Overview

Before I lose you, here’s the performance improvement that we got out of this optimization technique.

  • Database query from 527ms to 1.8ms (293x faster)
  • APIs from 1310ms to 477ms (2.75x faster)

In this post, I will share how we use Materialized View instead of normal View to improve the overall speed of our application by increasing the access speed for the view.

TL;DR:

  • Database view can be really expensive!
  • Materialized View works like a cache
  • The downside is similar to that of cache in general: extra storage & potentially out-of-date data
  • Keep view accurate by periodically refresh or update it when it changes
  • Don’t use it if you don’t access the view often, or if performance improvement is negligible

How it all started

Some time ago, I wrote a post Rails: Scenic gem for Database Views on how we are using database views to aggregate data from various sources to accurately compute salary data for NodeFlair Salaries.

For those who did not read the post, here’s a quick run-through on how we generate the salary data

  1. We create a view UnifiedSalary by aggregating individual data from user salaries and job listings
  2. We use the view to generate another view SalaryGroup to group the salary data

Hey View, it’s not working out for us anymore…

However, over the past 4 months, our data set used in salary computation has grown in size as more users are contributing their salaries and us getting more job listings. Thus, our queries and APIs were taking longer to complete (up to 5x longer).

In addition, this issue will only worsen over time as the data set continues to grow. Just like a broken relationship, we have to fix it before it gets worse.

via GIPHY

How does Materialized View reduce query time

Before understanding this, we need to understand how normal View works. Every single time you query from a normal View, it will compute the underlying SELECT statements and return the results. What this means is if you call it 100 times, it will compute it 100 times.

This is not expensive for simple queries. However, if your view is made up of multiple JOINs, involve complex computation and/or access to a huge data source, the query will be expensive. It will be even more expensive if the view is being accessed frequently.

In our case, every time we query SalaryGroup, it will first have to compute UnifiedSalary (which consist of multiple JOIN and WHERE statements) before it goes on to do some GROUP statements. This is a very expensive and slow query.

On the other hand, Materialization is a form of caching. Instead of computing the result every single time, Materialized View generates the view once and store a copy of the result. Every subsequent read will be reading from this copy - just like reading from a table.

Benefits beyond reducing query time

Besides reducing query time, we also observed an unintended improvement in other aspects.

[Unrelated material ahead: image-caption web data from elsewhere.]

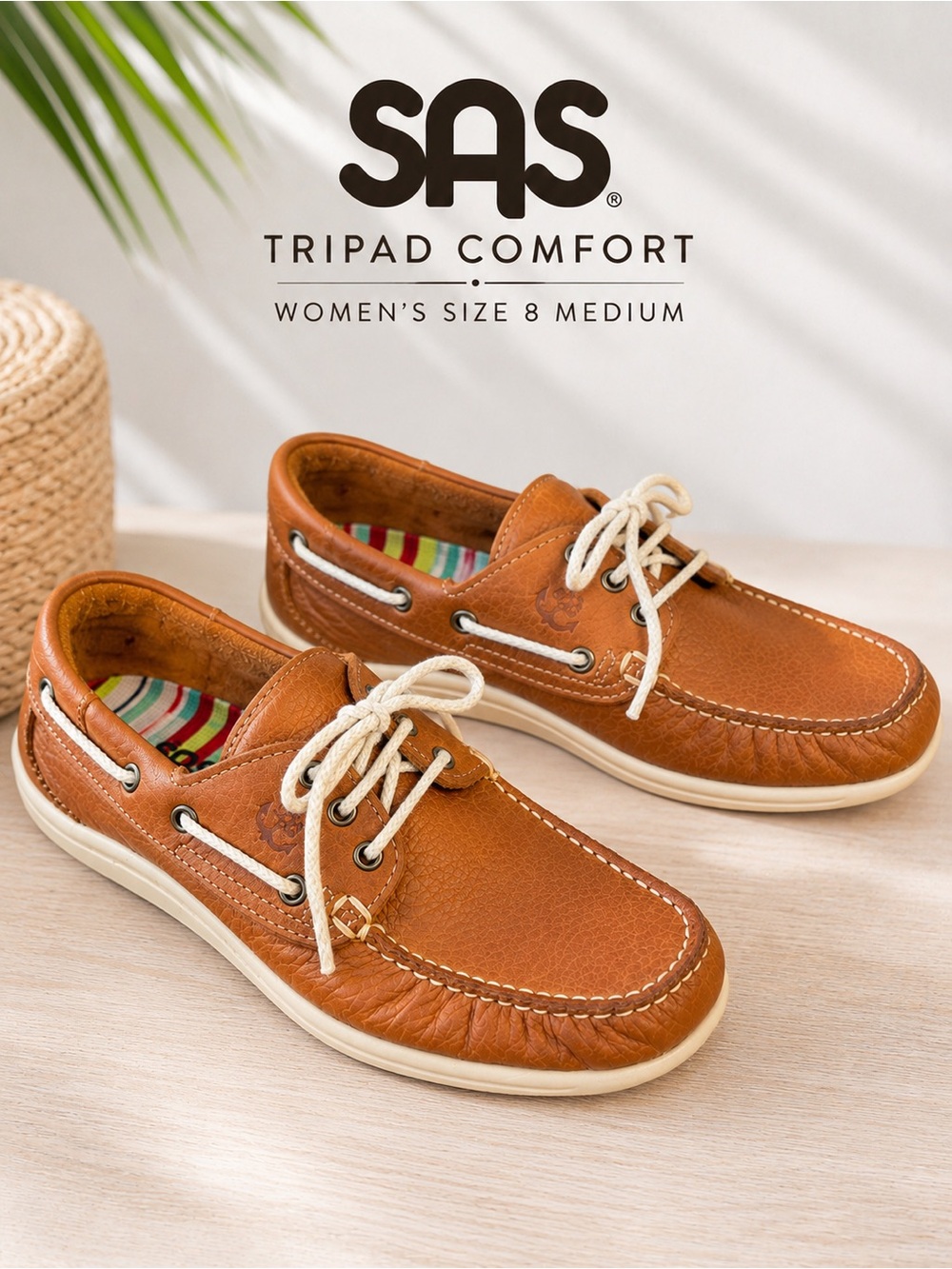 SAS Tripad Comfort Brown Leather Boat Shoes Lace Up Moc Toe Size 8M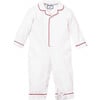 White Romper with Red Piping - Rompers - 1 - thumbnail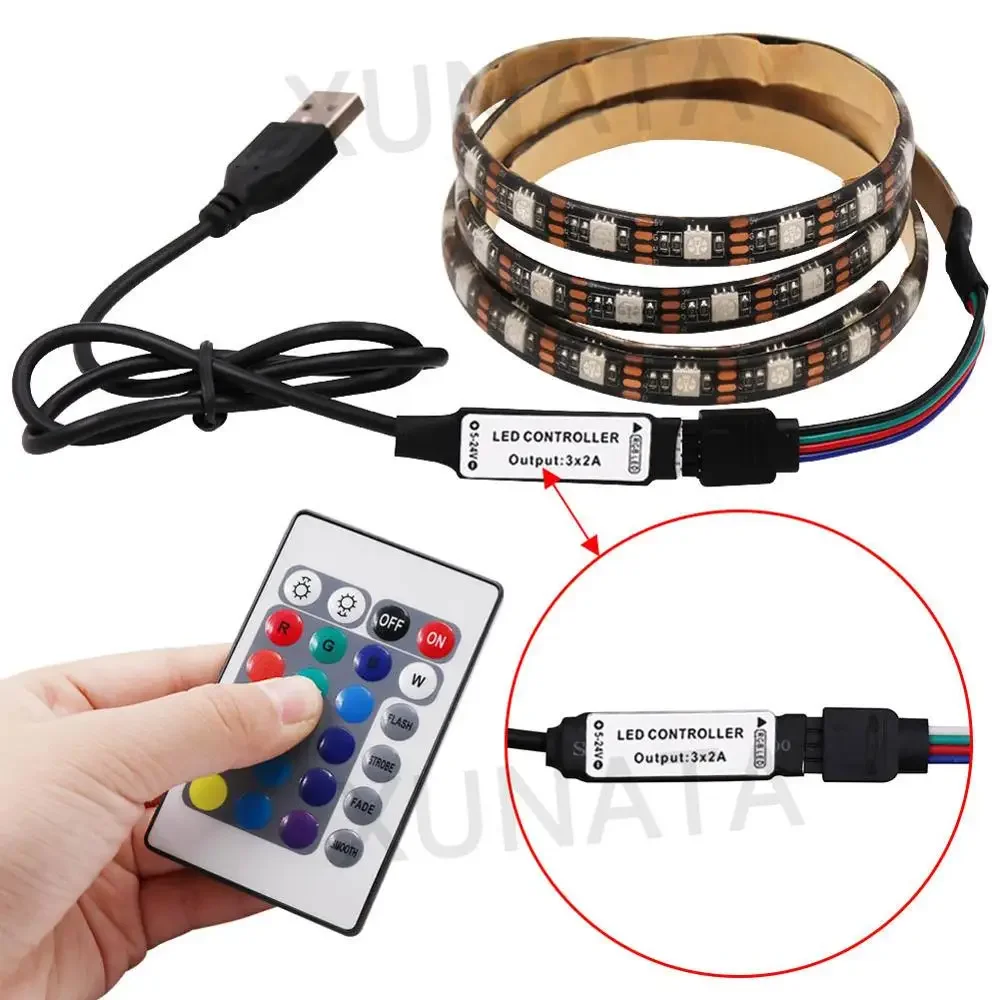 5V USB LED Strip RGB Light 5050 24key / 44key Remote Control Kit USB Power Waterproof Flexible Led Tape Adhesive TV Backlights V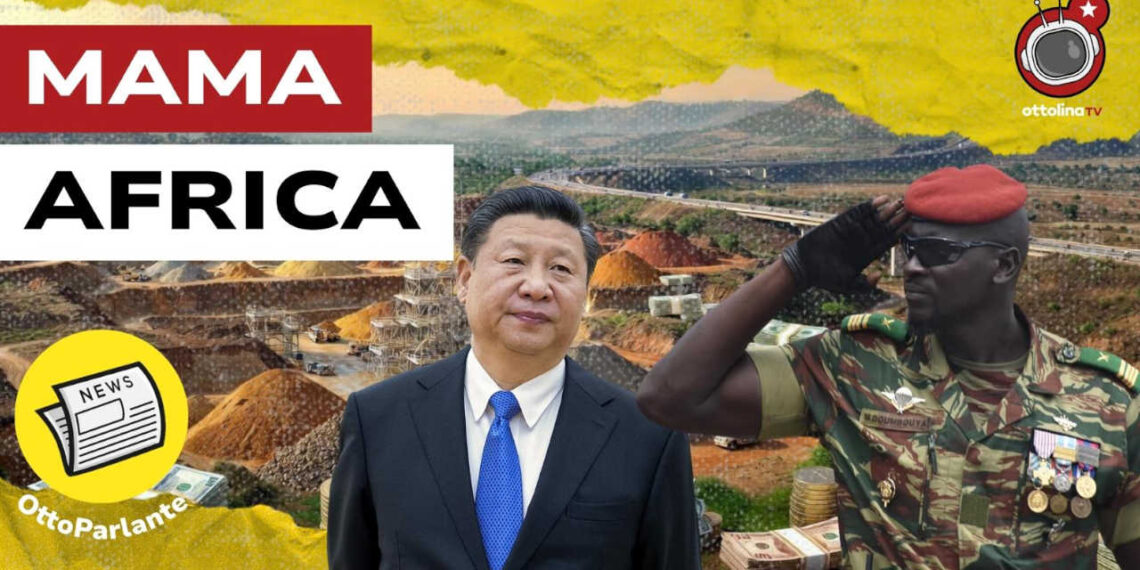 Paesaggio africano. Xi Jinping e un militare africano in primo piano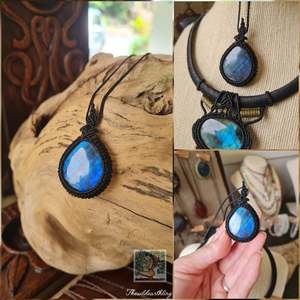 Crystal Jewelry: Blue Labradorite Wrapped in Black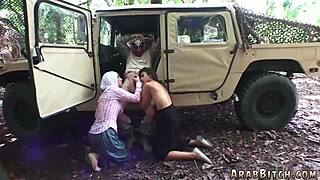 sexy brunette teen performs striptease and threesome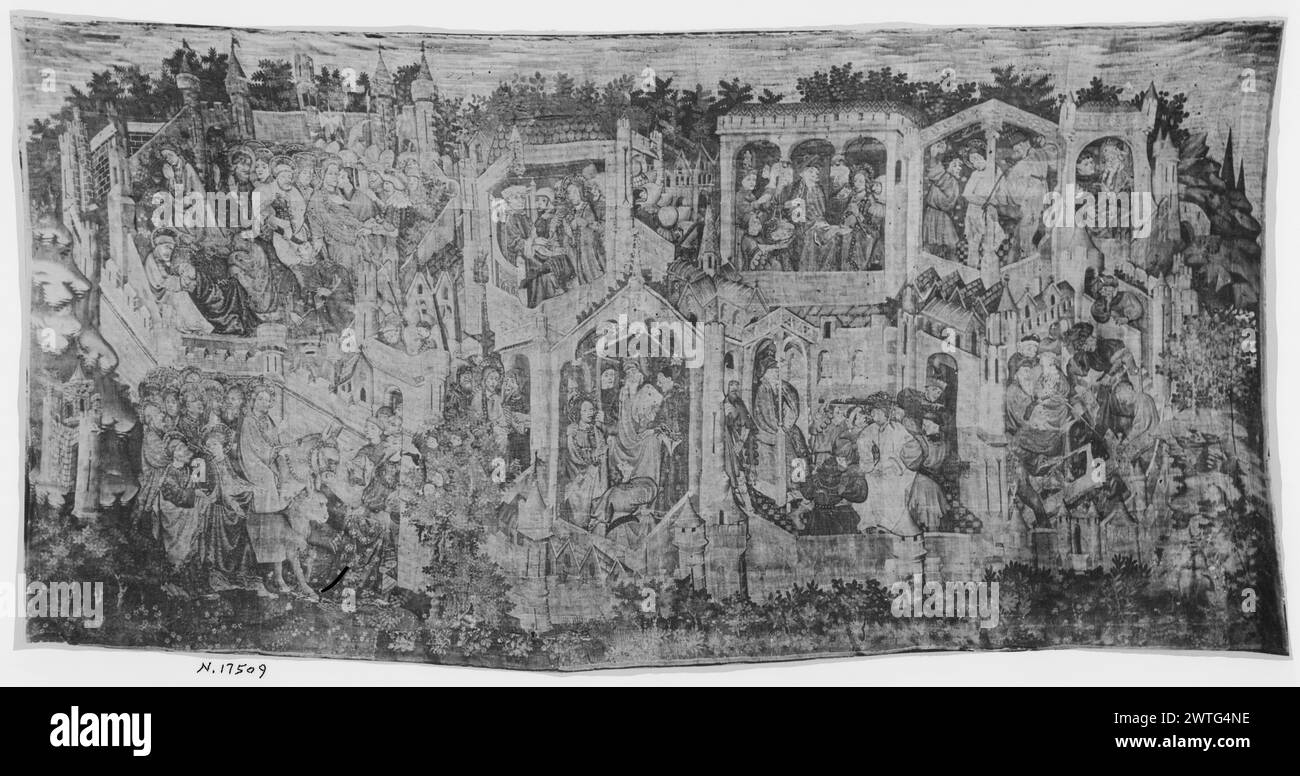 Passione di Cristo: Agonia di Cristo, prova di Cristo, Flagellazione, entrata in Gerusalemme e Corona con spine. Sconosciuto c. 1430 arazzi dimensioni: A 415 x L 815 cm arazzo materiali/tecniche: Lana (ordito: 5-6/cm); lana e seta (trama) Cultura: Paesi Bassi meridionali storia di proprietà: Arcivescovo D. Dalmao de Mur (inventario del 1521). French & Co Spagna, Saragozza, Saragozza, Cattedrale di la Seo. (Registro superiore, da L a R), Agonia in giardino, sul Monte degli Ulivi (Oelberg), Cristo prega nel Giardino del Getsemani durante la notte (Matteo 26:36-56; Marco 14:32-52; Luca 22:39-53; Giovanni 18:1-12); processo di Cristo Foto Stock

For instance, our database’s CPU utilization drops and fluctuates much less regardless of the number of queries. As observed from the image below:

  • Peak CPU utilization drops by an average of 78%
  • Non-peak CPU utilization drops by an average of 67%
  • The difference in utilization between peak and non-peak shrinks from 3x to 2x

Database's CPU utilization (before v.s. after making changes on 28 September)


This allows us to deal with spikes in database requests with greater ease, as well as scale down our database resources. As such, we can save up on some of our costs for cloud services. (Damn it, probably shouldn’t have invested in Amazon)

It sounds too good to be true..?

via GIPHY

At this point, you are probably thinking “there must be a tradeoff” - and you are right.

Since mentioned, Materialized View is fundamentally a form of caching, and as such, the increased efficiency comes at a price of extra storage and data being potentially out-of-date.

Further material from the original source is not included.